The Nagas

Hill Peoples of Northeast India

Project Introduction The Naga Database

typescript - J.H. Hutton's tour diary in the Naga Hills

caption: Visit to Anusandhan Samiti Museum; megalithic remains and associated legends
medium: tours
person: Jai Singh
location: Gauhati Kohima Zubza R. (Dzuna R.) Dzuna Valley Dimapur
date: 27.10.1925-28.10.1925
production:
person: Hutton/ J.H.
date: 7.10.1925-29.10.1925
acquirer:
person: Pitt Rivers Museum Archive, Oxford
refnum: Hutton Ms. Box 2
text: 27th October
text: Arrived Gauhati 7.0 a.m. Visited the Museum of the Anusandhan Samiti. Outside it there is a remarkable square monolithic doorway of which the top and part of each side remain, the fourth side of the square having been broken away. The sides are 6'6" long x 2'1" deep x 11 " broad. It is said to have come from a temple in the locality. There is also a huge stone carved with a figure of an eight-handed, five-headed goddess which formed the central stone of a temple dome. For a stone to occupy such a position it is of enormous size. The circular carved centre is 6' across and the whole is 7'5" one way by 7'9" the other and from 1'2" to 2'6" thick.
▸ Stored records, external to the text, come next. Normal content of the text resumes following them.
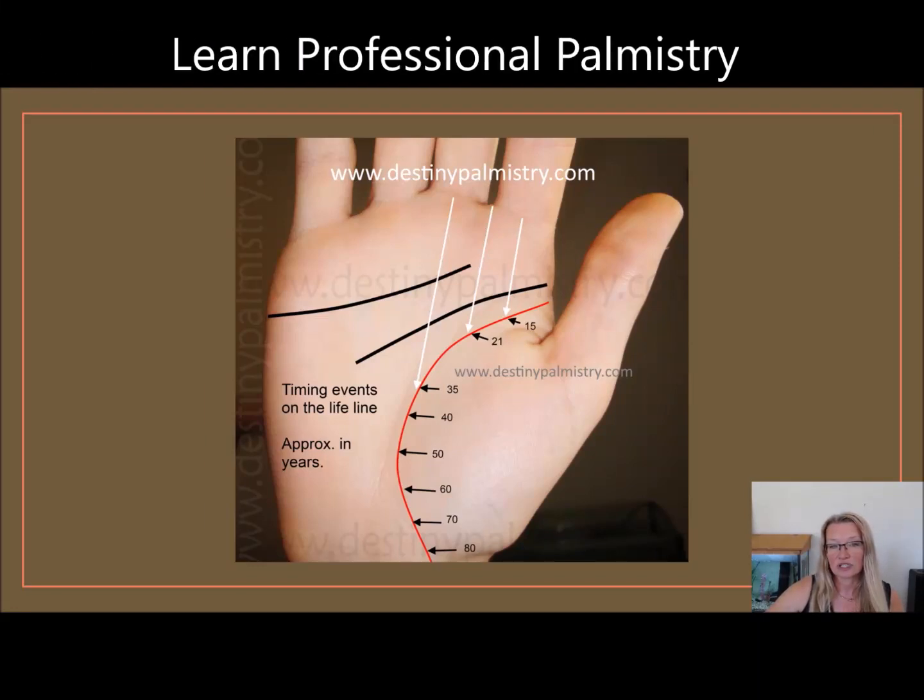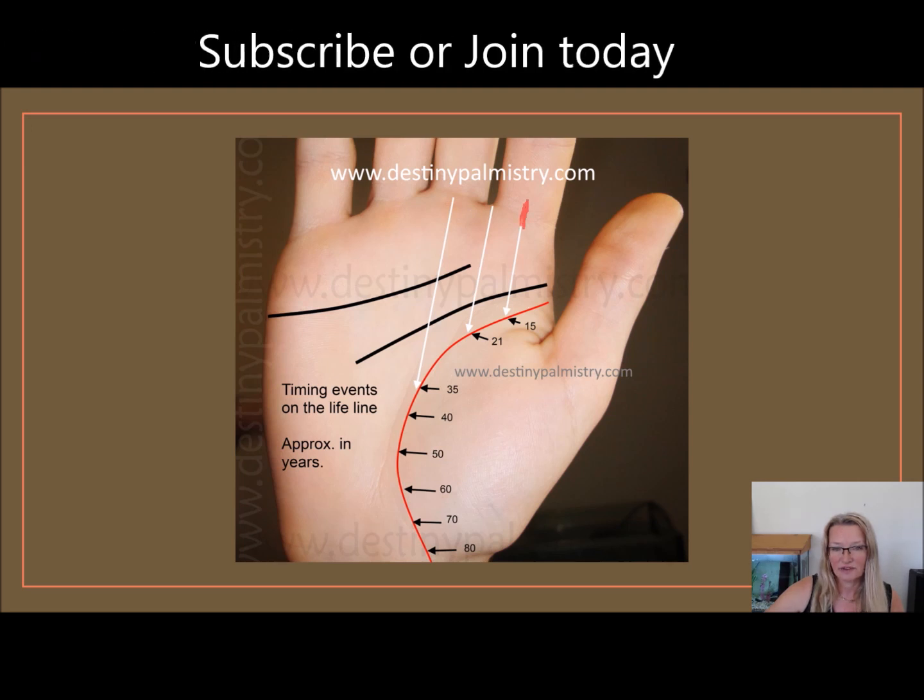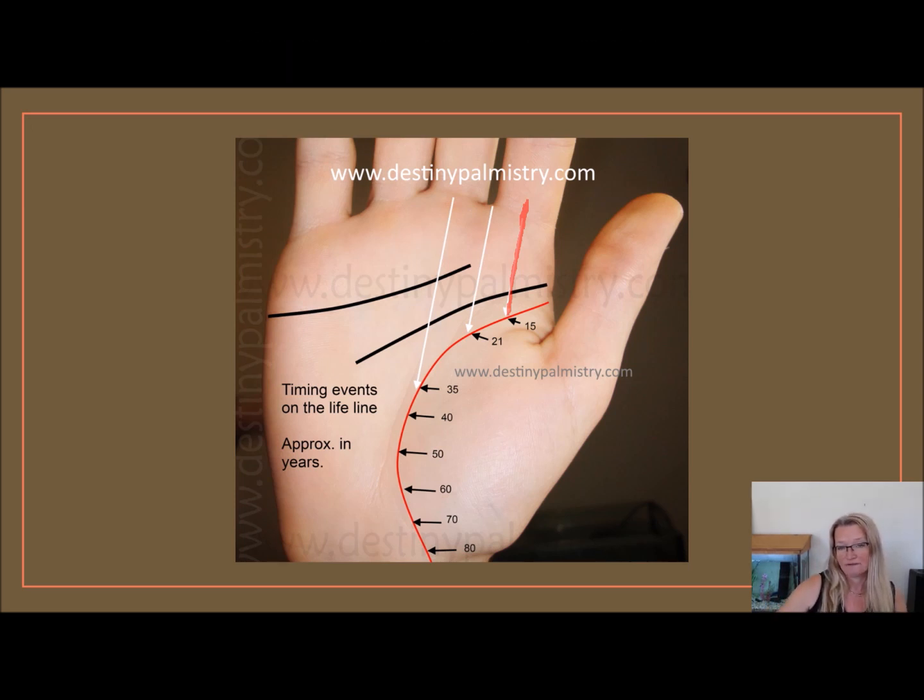Before the age of 40, so it's quite easy. Draw an imaginary line from the middle of the index finger down to the lifeline — this gives you the approximate age of 15.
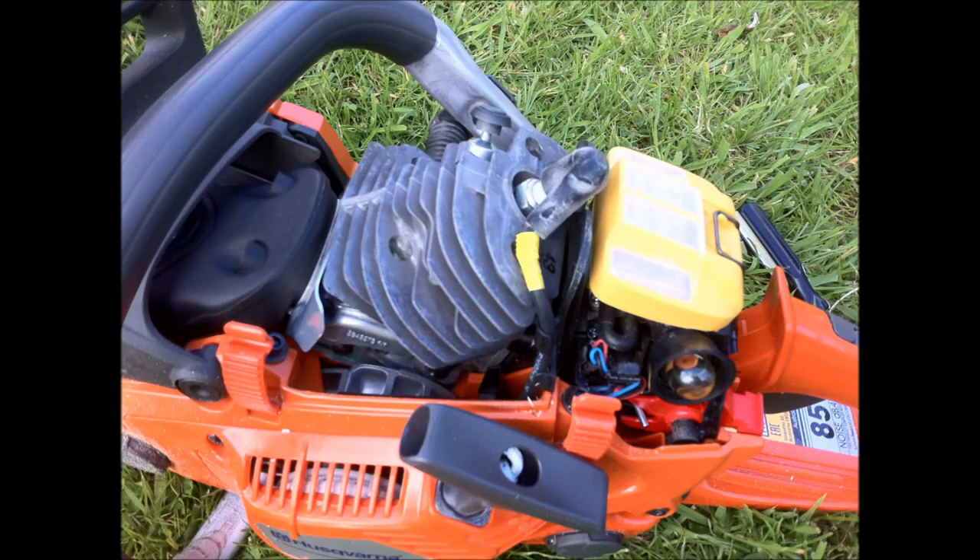And when you do want to service it, the top just unclips - no screws - and there's the air filter right there. You can just get straight to it to clean it up before you use it. So lovely bit of kit. Highly recommended. Go and get one, they're great.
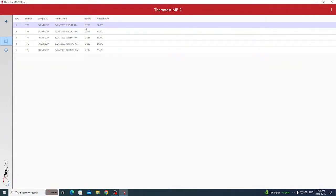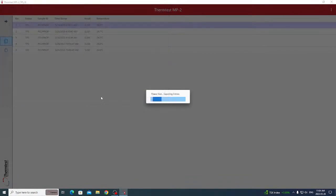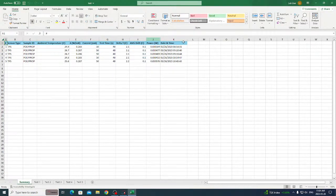To export results to Excel, right-click on a measurement. You can choose to save the selection — just the single measurement or however many you've selected — or save all, which saves all measurements done on the MP2 device. Select save all, choose a save location, and it will open in Excel, showing the temperature, thermal conductivity, current, and test time for each measurement.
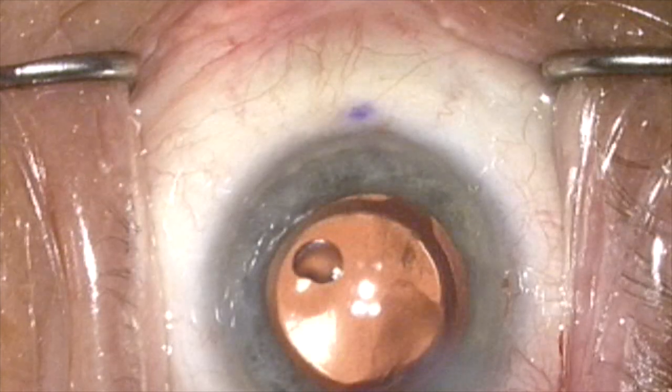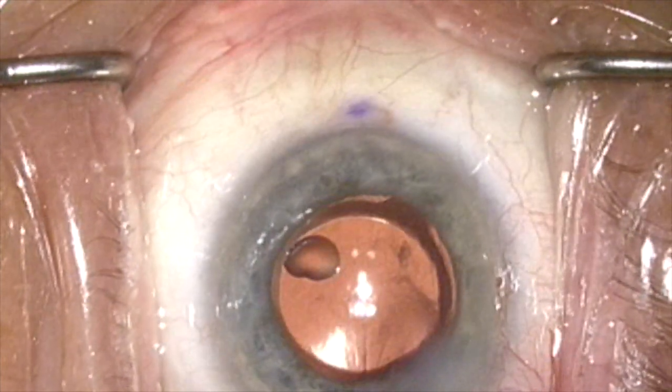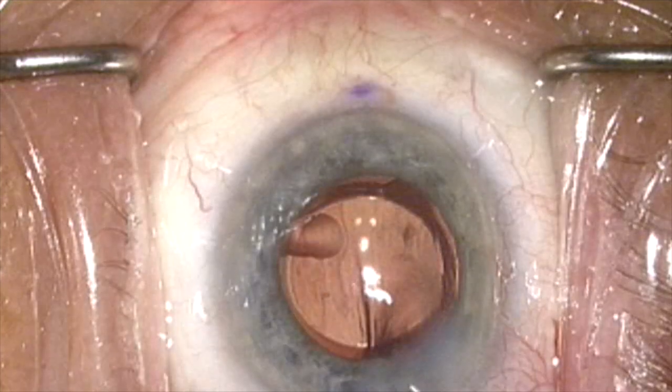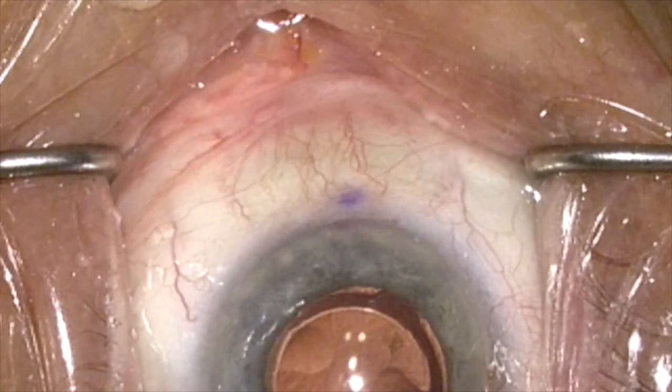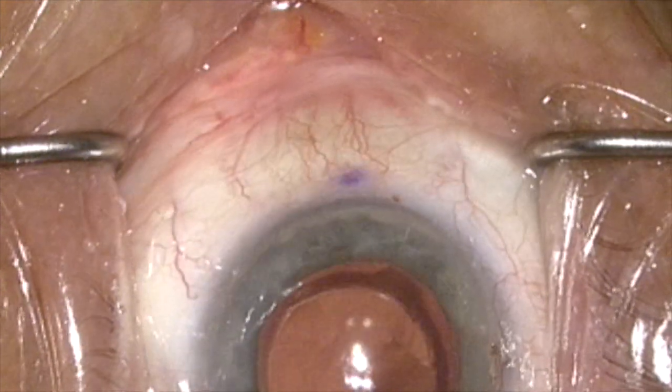But the question is, how do you know that it's really in Schlemm's canal? So here we've repositioned the microscope, removed the viscoelastic, and now we're softening the eye and focusing on the perilimbal aqueous veins.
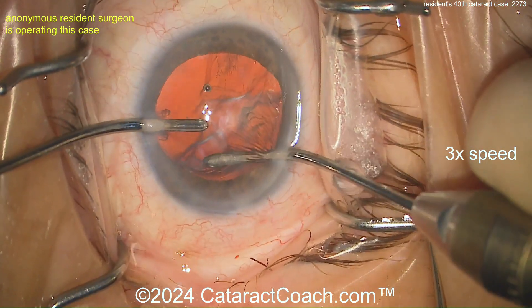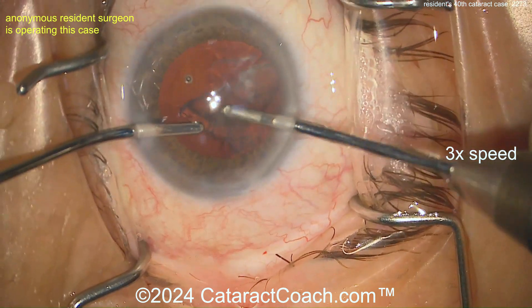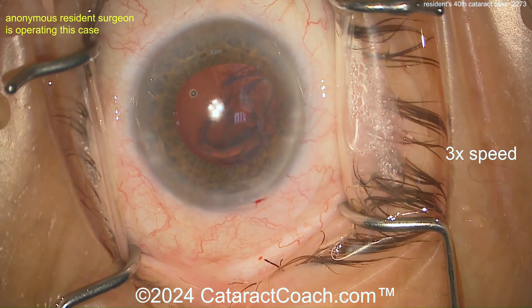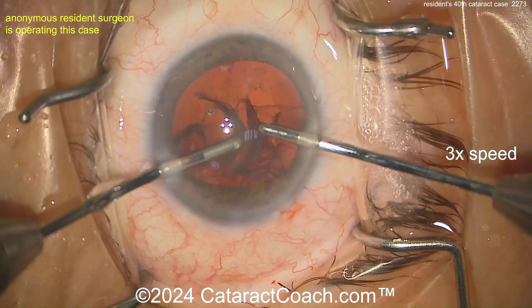Bimanual irrigation and aspiration is very helpful — gives you good access. Cleaning that up nicely. Getting that sub-incisional piece — then switch hands. There you go, I predicted it. Watching the video for the first time with you now. Cleaning up the rest — it comes out pretty nicely.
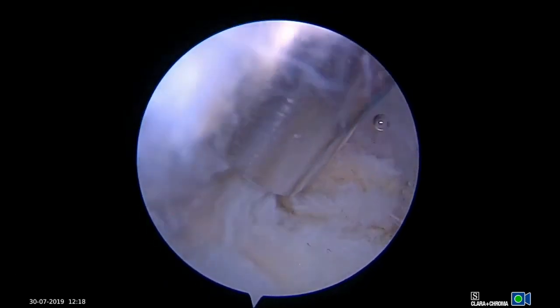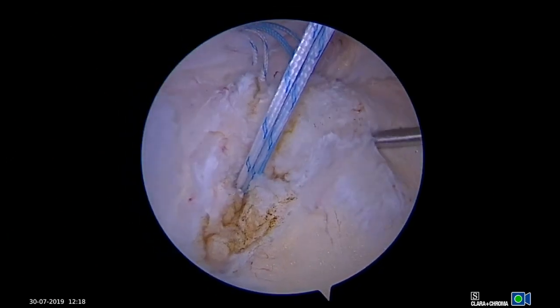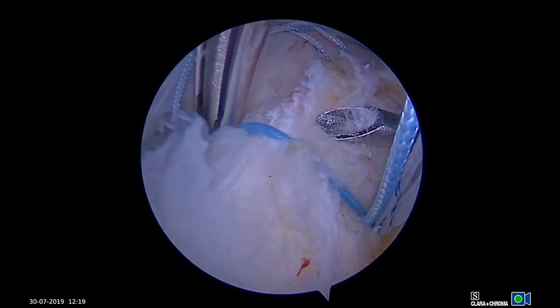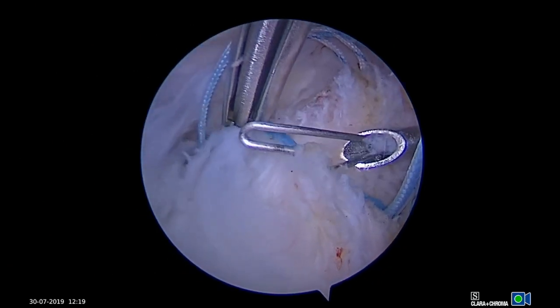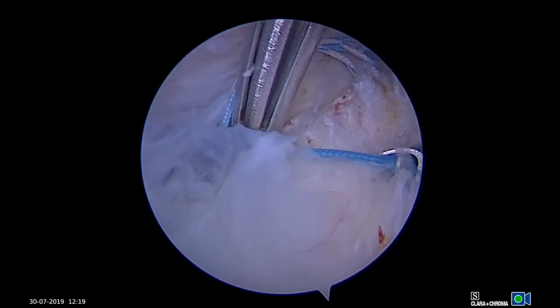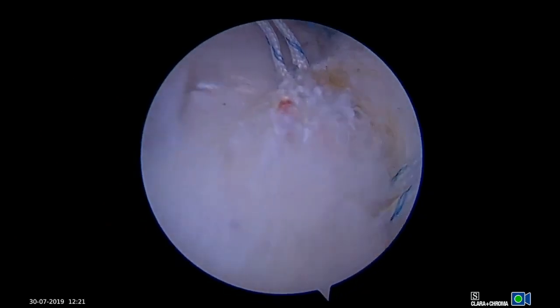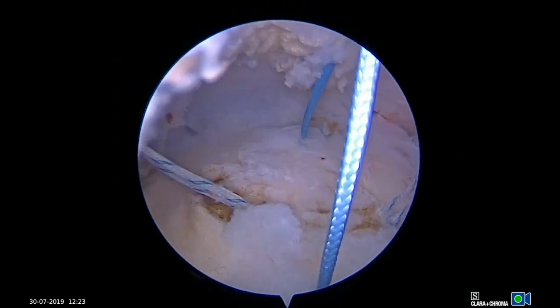The arthroscope is then moved to the lateral portal. Suture retrievers pass through the anterior portal to place suture through the anterior leaflet, and through the posterior portal to place suture through the posterior leaflet, creating a mattress suture. Usually only a single mattress suture is needed to close the defect, but both sutures can be used if necessary.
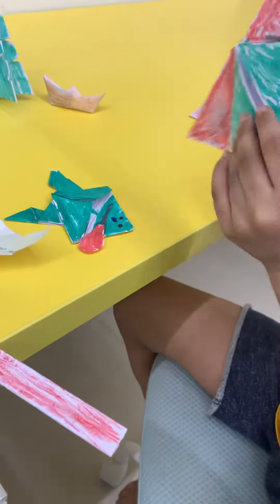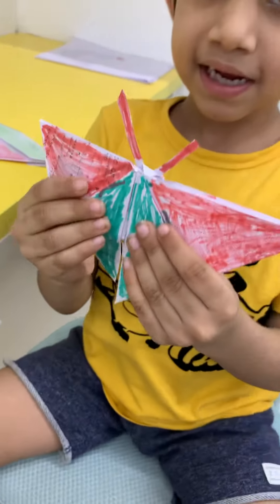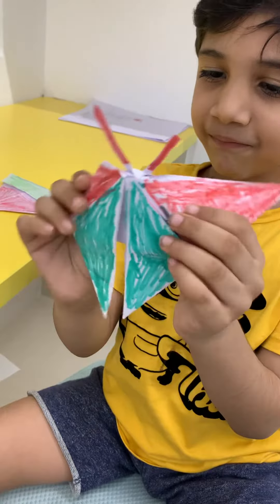This is a butterfly. It looks so cool. Flap, flap, flap.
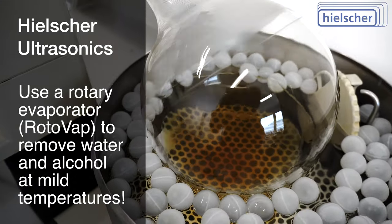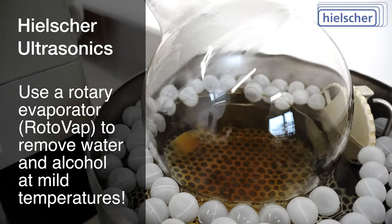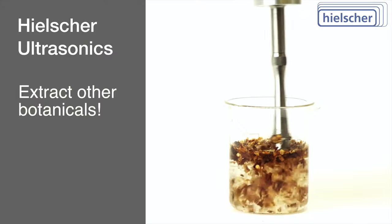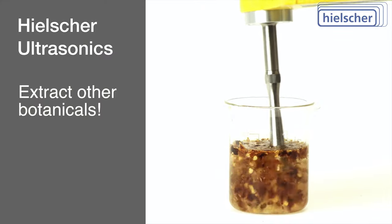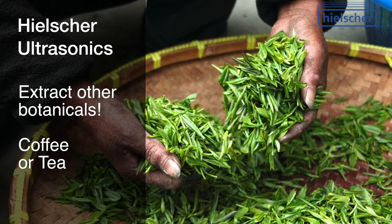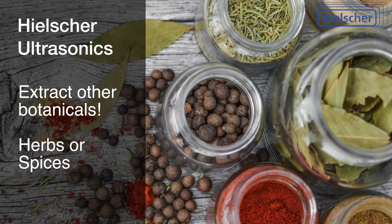After separation, you can use a rotary evaporator — a rotovap — to remove alcohol and water at mild temperatures to produce a concentrate. With the UP100H, you can also extract other botanicals, such as cannabis, medicinal plants, coffee or tea, herbs or spices.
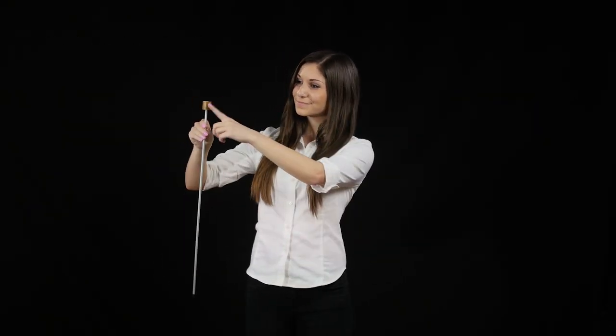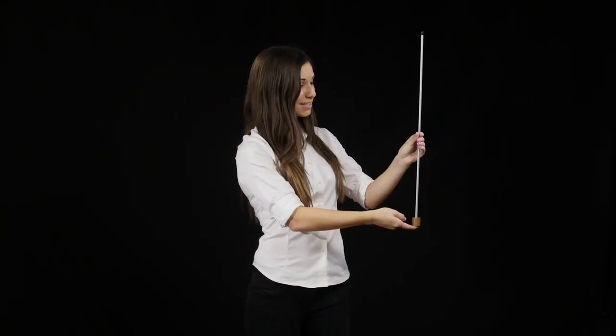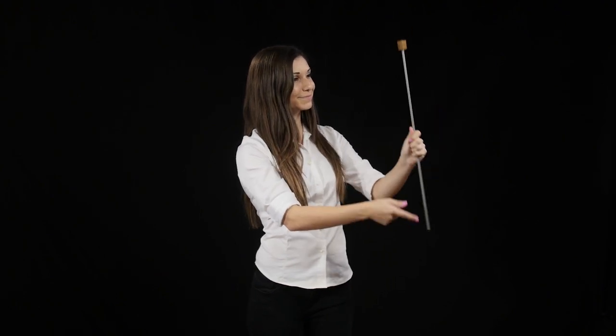This thin metal rod, which has a weight on one end, can be balanced on one finger. But will it be easier to balance the rod with the mass at the bottom or at the top?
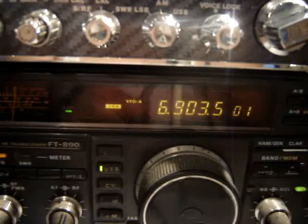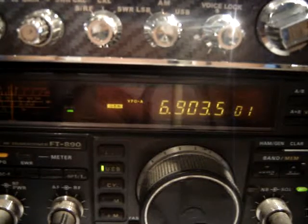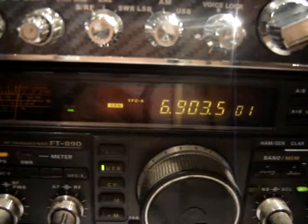Roger, one test message to the net, MT-63, over. This is Alphalfa Romeo 6 Sierra Romeo, message followed.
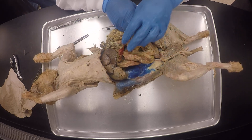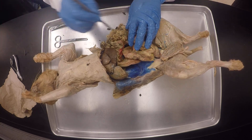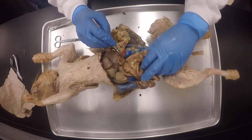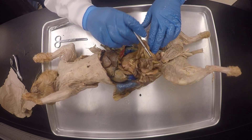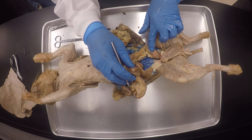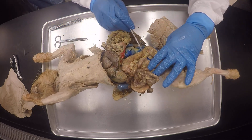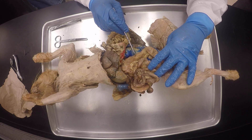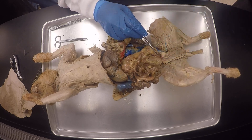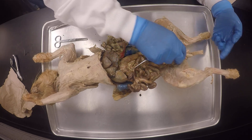This is the ascending colon, and then it forms an inverted U shape. So this is the ascending colon, this is the transverse colon, and then this is the descending colon. This cat had just eaten and was about to go number two — so the descending colon is full. There is no sigmoid colon in the cat, and then it goes to the rectum, and then out the anal canal.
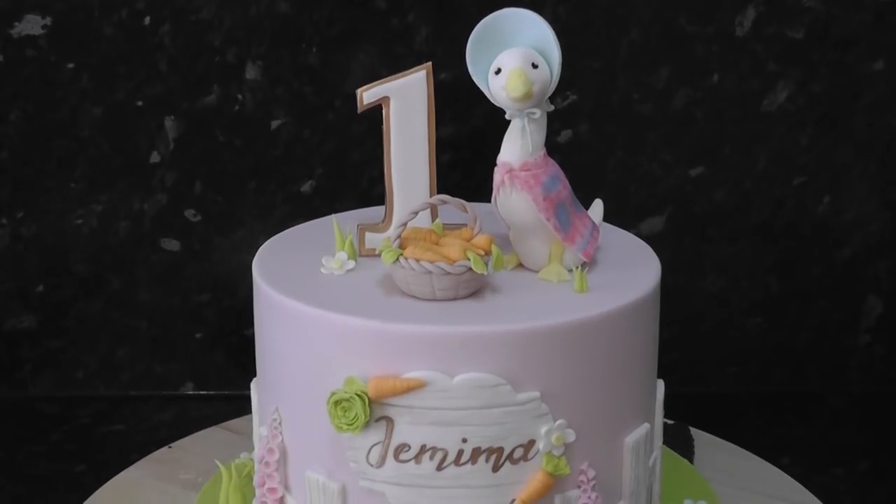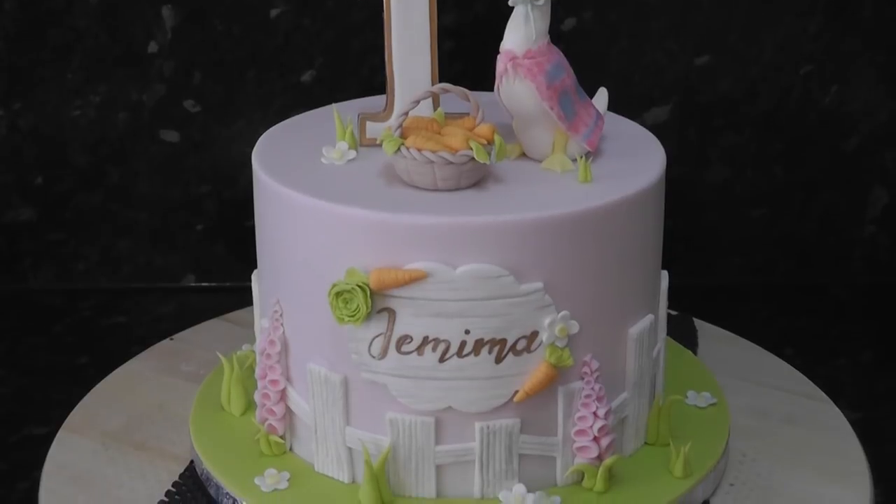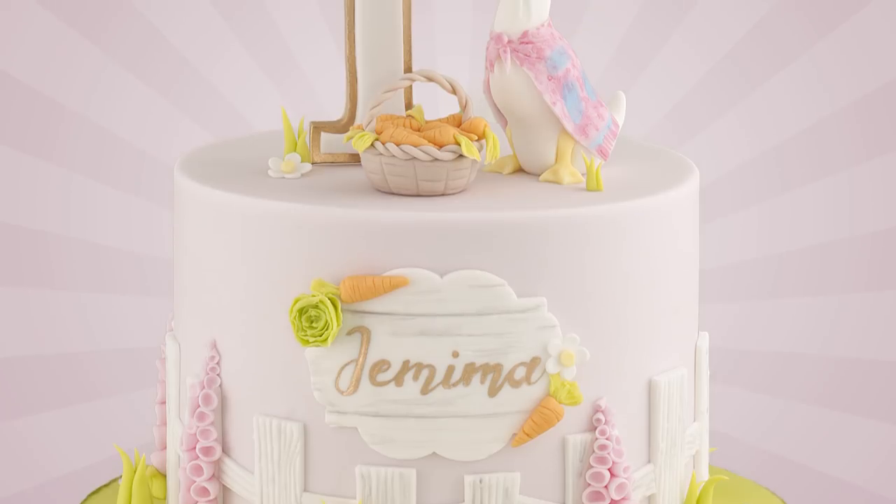All done - a Jemima Puddle Duck is the main star for once! Hope you enjoyed this tutorial. If you want to keep up to date with new ones, please hit that subscribe button and the notification bell. Thanks guys, see you soon!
Except for the centre, the stone is most irregular (possibly broken by a fall from the temple dome). Among the other treasures is a shouldered hoe of the kind formerly used in poppy cultivation. It has a wedded hoop to take the handle and measures about 6" in length altogether; ribbed down the centre and greatly rust-eaten.
text: At Gauhati I was the guest of the Kamarupa Anusandhan Samiti.
text: The Anusandhan Samiti want some of the books and MSS. (if found there), thought to be in the Ethnographical Library. I fancy a good part of that library might be lent them by Government. They have, after all, the nucleus of a provincial Museum, though if something be not done to house it properly, it will not last long. There is a considerable library of puthis and some of them very valuable, and if nothing is done to preserve them properly, they will not last. It is one thing to keep them in a dry and smokey houses, quite another to have them in a building which can never be dry in the rains.
text: They told me here a legend about the Manipur stone at Kohima. A Manipuri student told them that when Jai Singh (Chingtung Komba) went to ask for help, against the Burmese, from the Ahon King, he stood on this stone and prayed, and the print of his feet remained in the stone as a sign that he would regain his Kingdom. It is a picturesque legend but excessively inaccurate. Chingtung Komba reigned in the second half of the 18th century, whereas the stone was set up in Kohima when the Naga village was sacked by the Manipuris in 1833, an event still remembered by two of the oldest inhabitants when I came to Kohima in 1912. They told me quite definitely and explicitly that the stone was put up then and a boy buried beneath it. It has been moved two or three times since and is just being moved again.
text: It seems to me likely that the story now attached to the Manipur stone in Kohima has been transferred from the stone called Khozatse on which Jotsoma divide up the fish caught in the Dzuna river, since this stone is actually on the old Manipur-Dimapur route down the Dzuna valley, which is now overgrown entirely and gone back to jungle. It has a single footprint on it.
text: 28th October
text: Left Gauhati 1.47 standard arriving at Dimapur at about midnight.